> **Task goal**: Pick out each line of the records that includes the string "Stock", and copy it.

> **The data**:

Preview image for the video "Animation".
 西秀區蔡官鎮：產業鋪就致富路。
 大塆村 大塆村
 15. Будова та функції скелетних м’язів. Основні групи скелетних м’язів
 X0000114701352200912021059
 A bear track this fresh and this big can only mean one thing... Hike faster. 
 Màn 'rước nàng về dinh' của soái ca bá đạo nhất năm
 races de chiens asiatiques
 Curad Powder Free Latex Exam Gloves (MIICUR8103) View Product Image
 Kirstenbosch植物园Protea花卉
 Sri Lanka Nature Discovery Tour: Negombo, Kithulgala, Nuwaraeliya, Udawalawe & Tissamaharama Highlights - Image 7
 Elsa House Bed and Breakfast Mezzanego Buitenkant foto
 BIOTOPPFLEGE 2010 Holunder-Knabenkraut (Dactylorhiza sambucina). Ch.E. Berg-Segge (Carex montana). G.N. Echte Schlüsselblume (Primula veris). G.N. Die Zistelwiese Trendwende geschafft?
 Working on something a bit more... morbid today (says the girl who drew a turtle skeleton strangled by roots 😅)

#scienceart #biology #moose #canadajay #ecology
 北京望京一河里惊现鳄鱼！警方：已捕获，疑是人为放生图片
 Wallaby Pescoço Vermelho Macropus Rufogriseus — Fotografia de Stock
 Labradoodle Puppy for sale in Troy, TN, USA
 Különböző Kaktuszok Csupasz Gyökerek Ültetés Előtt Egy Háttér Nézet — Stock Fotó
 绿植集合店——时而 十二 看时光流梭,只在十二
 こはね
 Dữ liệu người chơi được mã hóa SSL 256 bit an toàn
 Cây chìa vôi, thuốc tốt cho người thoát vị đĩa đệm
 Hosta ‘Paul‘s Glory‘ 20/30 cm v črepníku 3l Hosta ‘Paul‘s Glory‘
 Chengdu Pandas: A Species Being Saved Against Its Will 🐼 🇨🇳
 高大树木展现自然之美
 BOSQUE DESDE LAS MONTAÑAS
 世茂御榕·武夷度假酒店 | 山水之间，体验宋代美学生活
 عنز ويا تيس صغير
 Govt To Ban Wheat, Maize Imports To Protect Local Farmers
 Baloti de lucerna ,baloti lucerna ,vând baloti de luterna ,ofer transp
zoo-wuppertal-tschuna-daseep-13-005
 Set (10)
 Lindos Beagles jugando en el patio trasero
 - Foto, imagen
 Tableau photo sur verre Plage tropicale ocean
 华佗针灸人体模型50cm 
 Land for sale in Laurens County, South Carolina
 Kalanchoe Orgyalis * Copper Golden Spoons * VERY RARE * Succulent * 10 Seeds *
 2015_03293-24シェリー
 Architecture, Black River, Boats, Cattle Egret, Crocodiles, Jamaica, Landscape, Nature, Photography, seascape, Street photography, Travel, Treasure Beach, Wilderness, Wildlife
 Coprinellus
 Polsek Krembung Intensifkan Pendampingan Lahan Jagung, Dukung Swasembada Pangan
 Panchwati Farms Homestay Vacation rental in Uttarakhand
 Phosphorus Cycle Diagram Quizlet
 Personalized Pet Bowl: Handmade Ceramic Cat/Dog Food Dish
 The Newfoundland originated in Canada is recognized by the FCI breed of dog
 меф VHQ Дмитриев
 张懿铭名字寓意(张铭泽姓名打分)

> **Task answer**:
 Wallaby Pescoço Vermelho Macropus Rufogriseus — Fotografia de Stock
 Különböző Kaktuszok Csupasz Gyökerek Ültetés Előtt Egy Háttér Nézet — Stock Fotó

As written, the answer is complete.